As much grief as St. Louis Cardinals manager Tony La Russa receives from some quarters about the use of old pitchers, it really gets down to how you define “old.”
Using the line of 40 years of age, the team actually went seven years – from 2004 through 2010 – having deployed just one such hurler during the regular season. And it was a most distinguished exception, though a brief stay. Future Hall of Famer John Smoltz concluded his playing career by making seven starts for the 2009 Cardinals.
The tide has turned in 2011, however. With the arrival earlier this month of left-handed reliever Arthur Rhodes, two months short of his 42nd birthday, he became the second 40-year-old pitcher to appear for the 2011 Cardinals alone.
Rhodes was preceded by Miguel Batista, 40, who made the club out of spring training as a non-roster invitee. Batista posted a 3-2 mark with a 4.60 ERA in 26 games (29 1/3 IP) for the Cardinals until his June 23 release.
The 2011 duo are the sixth and seventh 40-year-old Cardinals pitchers during the La Russa-Dave Duncan era, which began in 1996. The seven pitched in parts of nine seasons.
The last 40-something Cardinals hurler prior to Smoltz was Jeff Fassero in 2003. The then-40-year-old lefty appeared in 62 games that season, posting a 5.68 ERA. He hung on for four more years in the majors, but posted an ERA over five in three of those campaigns.
When Jesse Orosco joined the 2000 Cardinals, he was most remembered as the shutdown lefty of the New York Mets clubs of the 1980’s. By the new century, Orosco was 43 years old and in his 22nd MLB season. He appeared in just six games for St. Louis that season due to injury and finally retired after the 2003 season.

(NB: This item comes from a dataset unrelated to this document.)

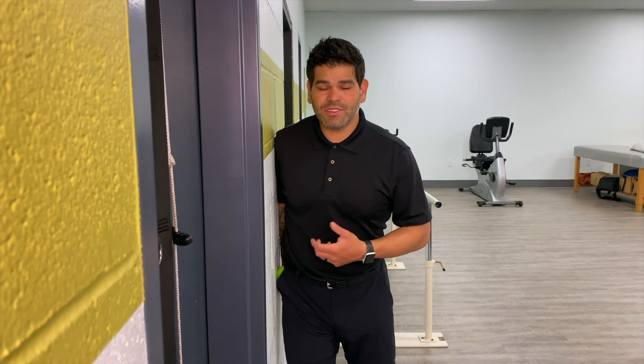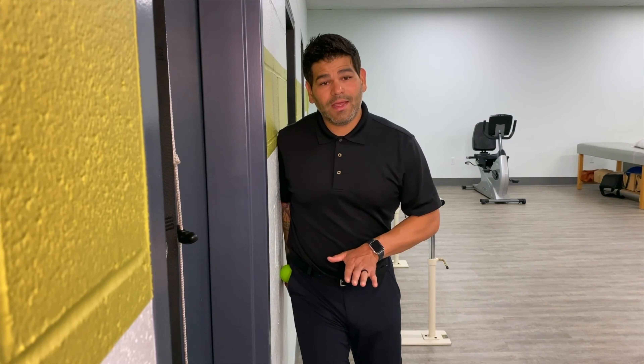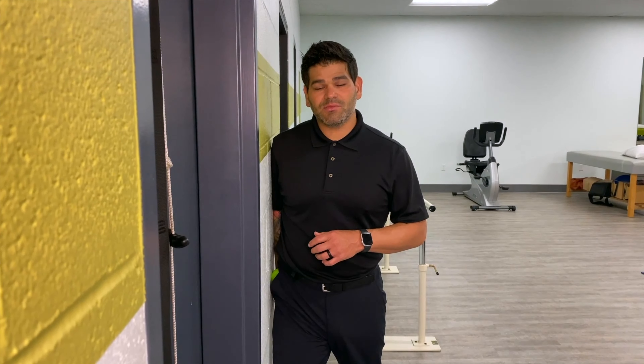Explore that muscle and find the areas where you're having some tissue tension or discomfort. You can also turn your toes inward and outward to explore that hip muscle a little bit more. This should be done to your tolerance, and that is the self soft tissue mobilization with the lacrosse ball to your gluteus medius muscle.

The current pitching coach of the Los Angeles Dodgers, Rick Honeycutt, came over to the Cardinals from the Oakland A’s, following La Russa and Duncan. Having been converted to relief with the A’s like Dennis Eckersley, the lefty had a nice 1996 season in a set-up role, with a 2.85 ERA in 61 games. He appeared in just two games the next year before calling it a career at the age of 43.

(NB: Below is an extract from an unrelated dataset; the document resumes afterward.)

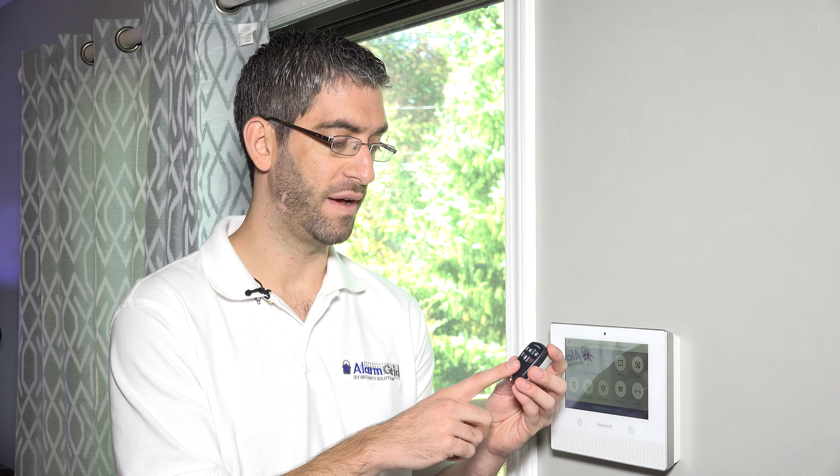No matter what key fob you have, key fobs are a great way to one-touch arm or disarm the system. Put them on your key chains — they're very handy. You can arm or disarm to away or stay with the touch of a button and not need to know a code. They're good for handing out to friends or neighbors that may need temporary access to the house without giving away your secure user codes.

Eckersley was nearing the end of his Hall of Fame career when also joining St. Louis to start the 1996 season at the age of 41. Eck served as closer during La Russa’s first two seasons with the Cards, saving 66 games, though he took 11 losses as well. Eckersley pitched one more year with Boston in 1998 before hanging up his cleats for the last time.
In my assessment of the previous eight 40-plus year old pitcher years, I score four as successful and four unsuccessful. However, three of the four deployed since the early days of Honeycutt and Eck, Smoltz having been the exception, did not make the grade, in my opinion.